While most think of environmental treaties as a positive turn for the world, a recent study indicates that these may actually be harmful to the developing economies of the world.

While the Pope recently opined that environmental protection could actually boost the world’s economies, this assertion appears to be true only for nations with a reasonable level of industrial development. The study showing this dilemma published in early July in Proceedings of the National Academy of Sciences (PNAS). The study found that the “carbonization” of energy resulting from the use of coal in developing nations could render treaties seeking to limit or eliminate carbon emissions functionally impossible.

The study, as reported by GlobalWarming.org, contains a number of data points supporting its central thesis. These include historic analyses of population growth and carbon emission, GDP per capita, energy intensity of GDP, and the carbon intensity of energy production. The study found that growth in emissions correlate strongly with increases in GDP per capita, primary energy consumption, and the carbon intensity of the energy.

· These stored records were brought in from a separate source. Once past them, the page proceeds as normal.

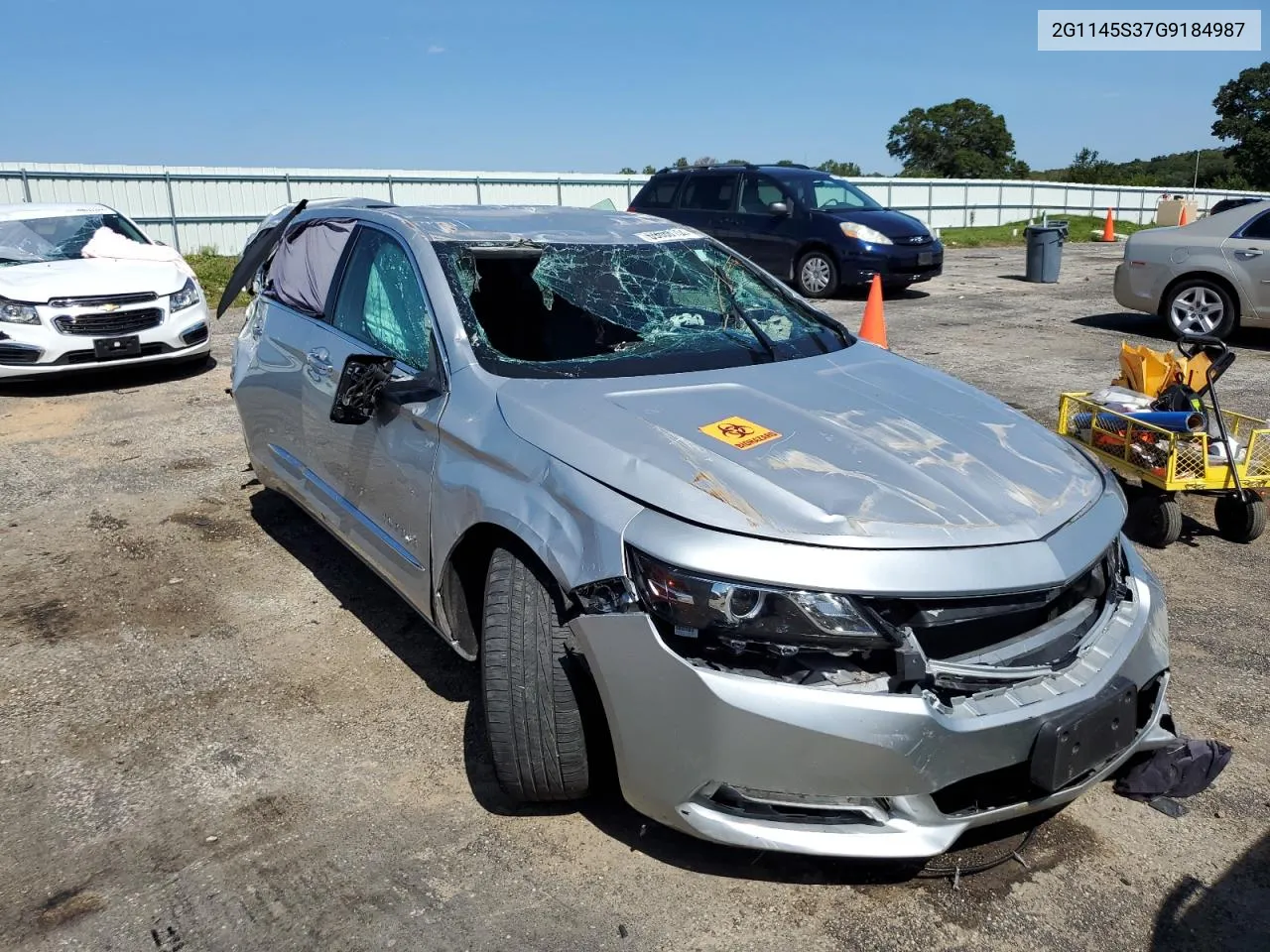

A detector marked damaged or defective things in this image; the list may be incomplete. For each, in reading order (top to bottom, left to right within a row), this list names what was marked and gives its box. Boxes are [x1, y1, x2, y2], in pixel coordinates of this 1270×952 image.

shattered windshield [0, 213, 147, 265]
crumpled hood [0, 257, 187, 301]
shattered windshield [434, 238, 853, 381]
broken side mirror [329, 355, 393, 423]
crumpled hood [495, 347, 1102, 547]
broken headlight housing [624, 550, 894, 654]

Interestingly, population growth played little role in carbon emission, but economic development did. As technology and infrastructure advance, cleaner technologies for manufacturing, distributing, and using energy become available. Yet, to reach these levels, developed nations had to pass through a period of significant emission, largely due to the use of coal for energy and industry.

In essence, the study finds that high rates of coal consumption by non-OECD countries directly relate to that nation’s economic growth. Coal is generally more affordable than other forms of energy, making it a natural choice for developing nations. The poorer a country is, and the higher its rate of economic growth, the stronger the need for coal and the larger carbon footprint it has.

The study comes just as the COP 21 climate treaty conference takes place in Paris. The study’s authors note:

“Our results raise the more general question of the role of developing countries in climate-change mitigation. Developing economies now account for such a large share of global energy use that the trend toward higher carbon intensity in these countries cancels out the effect of decreasing carbon intensities in industrialized countries. If the future economic convergence of poor countries is fueled to a major extent by coal, i.e., if current trends continue, ambitious mitigation targets likely will become infeasible.”

The net effect of the study’s findings indicate that either poorer nations must be forced to remain poor to achieve environmental goals, or that they can be allowed to grow but at the cost of the world’s environment.